Discussion in 'Options' started by rabbitsfoot, Apr 17, 2019.

  1. If we look at Option Contracts for two of the most traded ETFs (SPY and QQQ), SPY is #1 and QQQ os #2. Both of them are fairly liquid.

    As of Apr 17th, SPY is trading at $289 and QQQ at $187. So QQQ is trading for about $100 less.

    However, if I look at "At the Money" ATM CALL Options for both of them, they don't have much difference in their prices. For example,

    JUN 21 QQQ $187 CALL - $5.33
    JUN 21 SPY $290 CALL - $5.76

    I want to purchase 100 shares of either of them and start writing covered calls. Which one should I go for? Here's what I've researched-

    1. Capital required for QQQ is 19k as opposed to 29k for SPY. So cost of owning QQQ is less.
    2. QQQ's return over past 1, 3 and 5 year has been more than SPY. QQQ will give me better returns.
    3. QQQ's yield is 0.8% as compared to 1.9% of SPY. So SPY would earn me more in dividends.
    4. SPY is still heavily traded several times than QQQ. So bid-ask spread there will be tight. So getting on and off CALL options could be little easier in SPY.
    5. Both QQQ and SPY have weekly options, so I'll have more flexibility for writing covered calls.


    Your thoughts are much appreciated.
    Thanks!
     
  2. LanceJ

    LanceJ

    Call writing is about providing liquidity. You earn time for holding something. You can earn more premium by holding something volatile (implied volatility). If the price goes up you have to pay someone to keep your inventory. Would you say the prices of SPY or QQQ have been going up or down?
     
  3. Also adding another detail-
    IV for JUN 21 SPY $290 CALL - 11%
    IV for JUN 21 QQQ $187 CALL - 15.5%
     
  4. TheBigShort

    TheBigShort

    You want to write calls on the stock that offers the least upside potential. According to history that means you should sell calls on SPY
     
    ironchef likes this.
  5. If I'm getting the value of underlying appraised in the process while writing high OTM Probability calls, why is that bad?
     
  6. TheBigShort

    TheBigShort

    Where did I say it was bad? If you buy an asset that you think has a large potential growth, why would you cap your gains?!! Sell calls on something that has slow and steady growth! (OEX, SPX). QQQ in my opinion has shown some serious growth and may continue to grow at a high pace!
     
    ironchef likes this.
  7. ironchef

    ironchef

    It really depends on how you treat your long side. If your intend is to trade the buy-write as a pair trading, then TheBigShort's approach is what you want. If your intend is to write call against you long term stocks and when call, buy them back, then you are essentially writing a naked option.

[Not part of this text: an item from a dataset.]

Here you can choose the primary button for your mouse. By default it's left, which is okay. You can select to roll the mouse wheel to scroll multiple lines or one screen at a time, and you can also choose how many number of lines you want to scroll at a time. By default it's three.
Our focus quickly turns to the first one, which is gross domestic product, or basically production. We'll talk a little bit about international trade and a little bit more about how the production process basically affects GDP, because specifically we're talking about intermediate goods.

    Writing calls against long term holding "to generate extra income" was how it got me started back in 2013. I wrote lots and lots of OTM calls against my stocks (low risk-high probability per tastytrade), always bought them back after they were called away. You know what, I netted a loss (as compared to just holding the stocks). To add insult to injury, I ended up paying lots of capital gain taxes. Buy-write as a pair trade can be profitable when compare to cash but they may not beat buy and hold the underlying.

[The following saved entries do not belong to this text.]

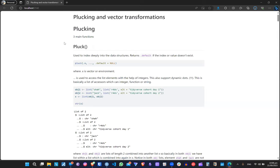Hello everyone, we are starting our remaining sessions for the tidyverse. We're on the purrr package and now I will discuss the pluck and vector transformations under the purrr package.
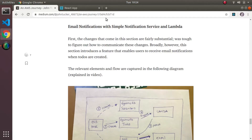We're adding a new section about email notifications with Simple Notification Service in Lambda. This is a challenging section in the sense that there were a fair amount of changes in the Terraform configuration and some changes in the code. I'm going to first demo the feature, then look at the infrastructure through a diagram, and then start poking around to see what changed from the code perspective.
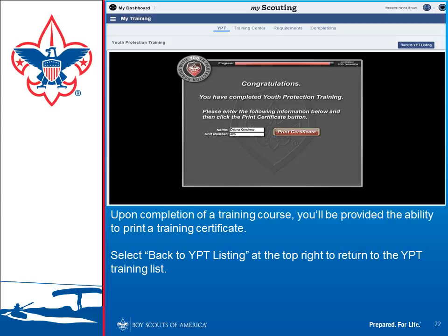When you click to access Youth Protection Training, you're presented with a choice of English or Spanish. The training lasts about 20 minutes. When you're done, you'll be presented with a screen allowing you to print a certificate. If the system already knows who you are, it will fill in your name; otherwise, enter your name and unit number and click Print Certificate. This generates a PDF file you can download, print, or email to whoever is asking for the certificate. Youth Protection Training expires after two years, so you must retake it every two years.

    If you don't believe me, run this simulation: Generate a lognormal stock price chart and calculate options using B-S, (Weiner process and Ito lemma), you will find there is no advantage buying or selling options. How do I know? I did that. Fortunately, stock price movement is almost but not exactly lognormal and if you can exploit that you can come out ahead.

    B-S assumed flat option IV (lognormal) so if you could extract the non-lognormal part of your chart to trade, you can be very profitable. Fast forward to today, the MM are not dumb, they priced it in so to first order that edge is gone. All you have to do is look at IV skew and IV term structure, everything is priced in. Us retails are doomed. No more easy money. :mad:
     
  8. bln

    bln

    No free lunch.. the lowest risk to initiate a covered-call is then then the price is overbrought and at a possible high point. This is also the point in time then volatility usually is the lowest and you get the least premium for your sold calls.
     
  9. sfwind

    sfwind

    The market is efficient enough to price in the appropriate risk premium. Why not do both to achieve diversification?
     
  10. The reason why I wanted to start with buying a market fund in the first place was to follow investing guru's advice - over a long term, market fund is always hard to beat. So I wanted to stash part of my savings there but I don't have enough to buy both 100 SPY and 100 QQQs.